The maximum expansion speed of new concurrent instances in a region under one account is 500 instances/minute by default, that is, up to 500 new concurrent instances can be started in one minute. If the limit is reached in one minute, no more new instances will be started until the minute elapses, during which a limited expansion error (429 ResourceLimit) will occur if new instance expansion requests are initiated. For more information, please see Function Status Code.
For example, the concurrency quota of an account in the Guangzhou region is 1,000 concurrent instances by default for a 128 MB function, and if many requests arrive, 500 concurrent instances can be started from 0 in the first minute.
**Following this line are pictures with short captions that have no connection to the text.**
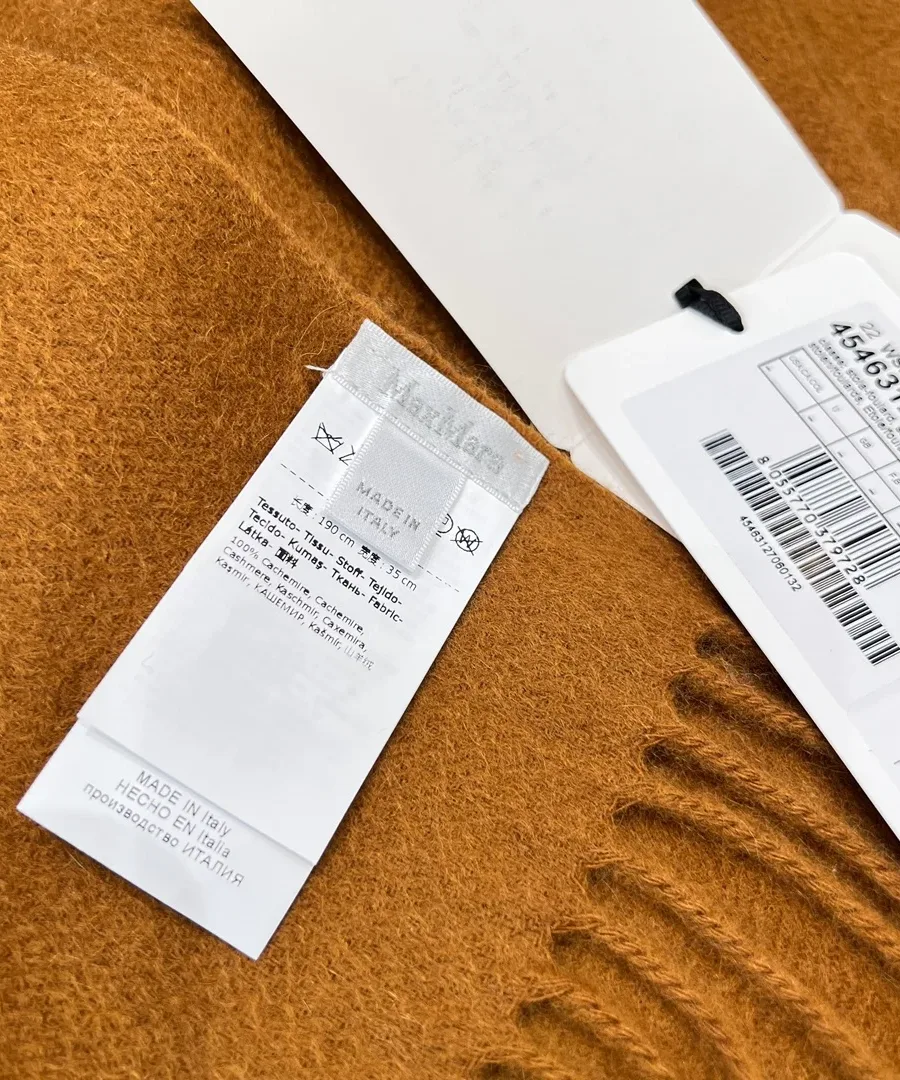 Вшивной ярлык бренда Max Mara с рекомендациями по уходу и бирка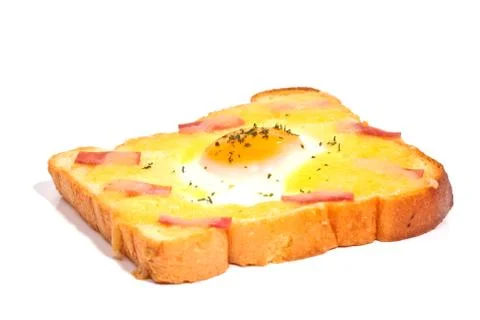 Bread with fried egg and ham Stock Photos
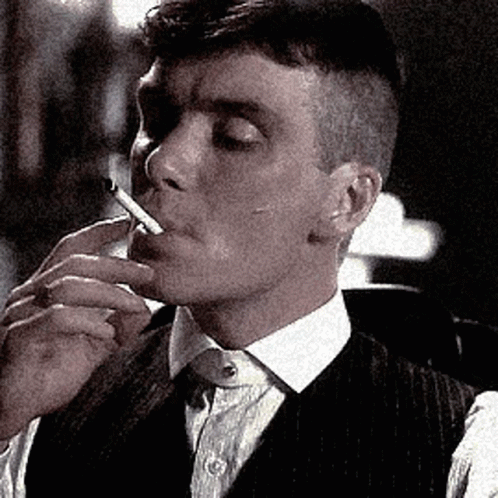 A Man In A Suit Is Smoking A Cigarette In A Black And White Photo . GIF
If there are still other requests to be processed, 500 more concurrent instances can be started to reach 1,000 instances in total in the second minute, until the number of concurrent instances is sufficient for the requests or reaches the upper limit.
The elastic concurrency expansion speed of 500 instances per minute can meet the requirements in most business scenarios. If your business is limited by this speed, please select provisioned concurrency for prefetch or submit a ticket to increase the limit.
Concurrent instances in elastic concurrency expansion in the SCF platform need to be initialized, which includes initialization of the runtime environment and the business code.
You can use the provisioned concurrency feature to configure concurrent instances in advance. The SCF platform will start the concurrent instances after you configure them and will not actively repossess the provisioned instances, so as to guarantee a certain number of concurrent instances as much as possible. If errors such as code memory leak occur on a concurrent instance, the SCF platform will replace it with a new instance. For more information, please see Provisioned Concurrency.
The SCF platform provides concurrency management capabilities at the function granularity for you to flexibly control the concurrency of different functions. For more information, please see Reserved Concurrency.
Each account has a total concurrency quota limit at the region level. The default value is 128,000 MB or 64,000 MB. For more information, please see Quota Limits. The concurrency quotas between regions are independent of each other.
To help you manage concurrency more precisely, the SCF concurrency quota is calculated by memory; for example, a 256 MB concurrency quota represents one concurrent instance with 256 MB memory or two instances with 128 MB memory each.
When you set a reserved quota for a function, it will have the following two effects:
When a concurrent instance of a function is processing actual requests, it will be marked as running concurrent instance. In SCF monitoring information, you can query the running concurrent instances of a function, a specific function version, or an alias. As there are certain intervals in running instance information collection, if a function's execution time is very short and its number of concurrent instances is high, the current monitoring data may not be completely accurate.
By using reserved quota and provisioned concurrency together, you can flexibly allocate resources among multiple functions and warm up functions as needed.
If nothing is configured, all functions share the account quota by default. If a function generates a surge of business invocations, it can make full use of the unused quota to ensure that the surge will not cause overrun errors.
If the business features of a specific function are sensitive or critical, and you need to do your best to ensure a high request success rate, then you can use the reserved quota feature to this end. Reserved quota can give the function exclusive quota to guarantee the concurrency reliability and avoid overruns caused by concurrency preemption by multiple functions.
If a function is sensitive to cold start, the code initialization process takes a long time, or many libraries need to be loaded, then you can set the provisioned concurrency for a specific function version to start function instances in advance and ensure smooth execution.